Justiça de Minas Gerais absolve acusado de estuprar menina de 12 anos sob alegação de 'relação consensual'

Decisão de primeira instância gera forte reação de entidades de direitos humanos ao considerar que a vítima possuía discernimento sobre o ato; Ministério Público já anunciou que irá recorrer da sentença, citando o Código Penal.

O entendimento da sentença

A Justiça mineira proferiu uma decisão que gerou intensa controvérsia jurídica e social ao absolver um homem acusado de estupro de vulnerável. O réu havia sido denunciado pelo abuso de uma criança de 12 anos, mas o magistrado responsável pelo caso fundamentou a absolvição na tese de que houve "consentimento" por parte da vítima. Segundo o entendimento do juiz, a prova colhida no processo indicaria que a menor possuía maturidade e discernimento suficientes para anuir com a relação, descaracterizando, na visão do tribunal, a violência presumida.

O conflito com o Código Penal

A decisão colide frontalmente com a redação do Artigo 217-A do Código Penal Brasileiro, que estabelece o crime de estupro de vulnerável para qualquer conjunção carnal ou ato libidinoso com menores de 14 anos.
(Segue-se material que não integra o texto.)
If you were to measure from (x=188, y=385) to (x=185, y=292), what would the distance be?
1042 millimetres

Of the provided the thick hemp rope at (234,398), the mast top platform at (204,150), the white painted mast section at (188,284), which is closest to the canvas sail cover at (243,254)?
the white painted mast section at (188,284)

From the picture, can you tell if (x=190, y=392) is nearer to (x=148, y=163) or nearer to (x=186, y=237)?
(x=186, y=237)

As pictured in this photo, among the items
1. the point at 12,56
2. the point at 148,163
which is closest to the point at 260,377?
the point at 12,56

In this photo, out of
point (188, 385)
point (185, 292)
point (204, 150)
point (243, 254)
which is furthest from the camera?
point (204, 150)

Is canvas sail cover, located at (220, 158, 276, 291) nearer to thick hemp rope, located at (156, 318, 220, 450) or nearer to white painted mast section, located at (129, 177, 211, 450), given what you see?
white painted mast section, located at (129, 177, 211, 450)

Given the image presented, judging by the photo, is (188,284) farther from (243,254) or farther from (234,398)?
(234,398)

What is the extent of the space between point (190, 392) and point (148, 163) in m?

A legislação vigente no Brasil adota o critério da vulnerabilidade absoluta, o que significa que, legalmente, não existe a possibilidade de consentimento para menores dessa faixa etária, independentemente do histórico da vítima ou da natureza do relacionamento.
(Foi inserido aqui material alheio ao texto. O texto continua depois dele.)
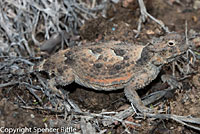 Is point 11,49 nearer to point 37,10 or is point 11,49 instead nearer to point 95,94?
point 37,10

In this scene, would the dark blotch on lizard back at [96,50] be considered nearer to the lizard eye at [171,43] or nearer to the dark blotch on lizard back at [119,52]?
the dark blotch on lizard back at [119,52]

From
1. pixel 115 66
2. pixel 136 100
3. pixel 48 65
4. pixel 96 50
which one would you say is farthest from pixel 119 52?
pixel 48 65

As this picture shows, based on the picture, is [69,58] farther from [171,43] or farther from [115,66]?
[171,43]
Repercussão e medidas judiciais

O desfecho do caso provocou uma onda de críticas por parte de organizações que atuam na proteção da infância e adolescência, que classificam a sentença como um retrocesso e uma violação das garantias fundamentais. Especialistas apontam que tal interpretação abre um precedente perigoso para a relativização de crimes sexuais no país. O Ministério Público de Minas Gerais (MPMG) confirmou que já prepara a apelação para reformar a decisão em segunda instância, buscando a condenação do réu com base na jurisprudência consolidada dos tribunais superiores.

Debate sobre a proteção da infância em 2026

Em um cenário de 2026, onde o endurecimento de penas para crimes contra crianças é pauta constante no Congresso Nacional, casos como este reacendem o debate sobre a necessidade de maior rigor na aplicação das leis de proteção. A expectativa agora recai sobre o Tribunal de Justiça de Minas Gerais (TJMG), que deverá avaliar se mantém a absolvição baseada na subjetividade do magistrado ou se aplica o rigor técnico da vulnerabilidade prevista em lei para reverter o quadro.